A set of 1440 synthetic geosteering trials was generated by producing a geologically realistic layer cake, passing a well trajectory through it, and simulating realistically corrupted gamma measurements (reflecting sampling rate, calibration error, and measurement noise). This gives a true solution for accuracy comparison, and a realistic log that can be interpreted as follows: a Bayesian state space matrix is constructed which captures the likelihood of correlation between subject well and type log measurements. Prior knowledge is used to inform a state-transition probability matrix. The Viterbi algorithm is then applied to the state space matrix and state-transition probability matrix to determine the highest likelihood interpretation.

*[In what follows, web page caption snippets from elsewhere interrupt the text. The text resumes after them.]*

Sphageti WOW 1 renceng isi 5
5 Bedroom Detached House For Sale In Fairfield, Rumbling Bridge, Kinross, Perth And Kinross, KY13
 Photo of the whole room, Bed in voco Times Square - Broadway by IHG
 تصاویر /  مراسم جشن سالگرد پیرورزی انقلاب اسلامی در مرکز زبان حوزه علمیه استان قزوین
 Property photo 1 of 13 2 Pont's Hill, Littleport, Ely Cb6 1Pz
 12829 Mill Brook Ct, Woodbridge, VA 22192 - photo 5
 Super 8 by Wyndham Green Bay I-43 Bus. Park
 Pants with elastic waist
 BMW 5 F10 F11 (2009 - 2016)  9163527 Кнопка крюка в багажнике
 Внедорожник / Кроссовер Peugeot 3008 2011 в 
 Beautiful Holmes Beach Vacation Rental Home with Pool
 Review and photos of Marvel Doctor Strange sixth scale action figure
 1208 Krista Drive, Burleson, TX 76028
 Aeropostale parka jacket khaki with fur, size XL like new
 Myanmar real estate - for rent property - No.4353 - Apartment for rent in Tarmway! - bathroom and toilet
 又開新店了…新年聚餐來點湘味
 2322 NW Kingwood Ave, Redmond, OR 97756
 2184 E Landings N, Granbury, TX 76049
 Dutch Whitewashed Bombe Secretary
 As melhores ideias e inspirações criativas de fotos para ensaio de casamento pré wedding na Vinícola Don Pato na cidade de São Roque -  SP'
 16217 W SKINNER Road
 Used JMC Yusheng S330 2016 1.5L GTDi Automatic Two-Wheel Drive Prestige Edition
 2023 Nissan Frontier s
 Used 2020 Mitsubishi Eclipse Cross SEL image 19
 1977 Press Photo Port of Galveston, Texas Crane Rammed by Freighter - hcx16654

The trial data was split 80/20 into training and test sets. For the training data, three metrics were used to tune the algorithm: mean distance from true solution; misfit ratio against true solution, and algorithm runtime. On the remaining test data, highest-likelihood paths were compared to the interpretations generated by an existing residual-minimizing automated geosteering algorithm (Gee et al 2019). Performance was analyzed separately in the vertical, curve, and lateral, and solutions were spot-checked for reasonable behavior.
Compared to the existing automated method, the Bayesian method produced interpretations with comparable performance in 59% of laterals, and significantly improved performance in 34% of laterals. It also returned results 30 times faster. These results held over several sets of tuning parameters suggesting robustness. A well-tuned Bayesian algorithm has been shown to outperform existing automated methods on performance and accuracy, signifying a potential step change in the space of automated geosteering.
Viterbi is an established algorithm with many applications, but the splitting of stratigraphic mappings into a Bayesian state space and application of Viterbi is novel and allows for efficient, probabilistic solution-finding. The whole space of possible solutions can be considered, and implicitly gives solution likelihoods. The technique also accounts for the complexity of produced solutions.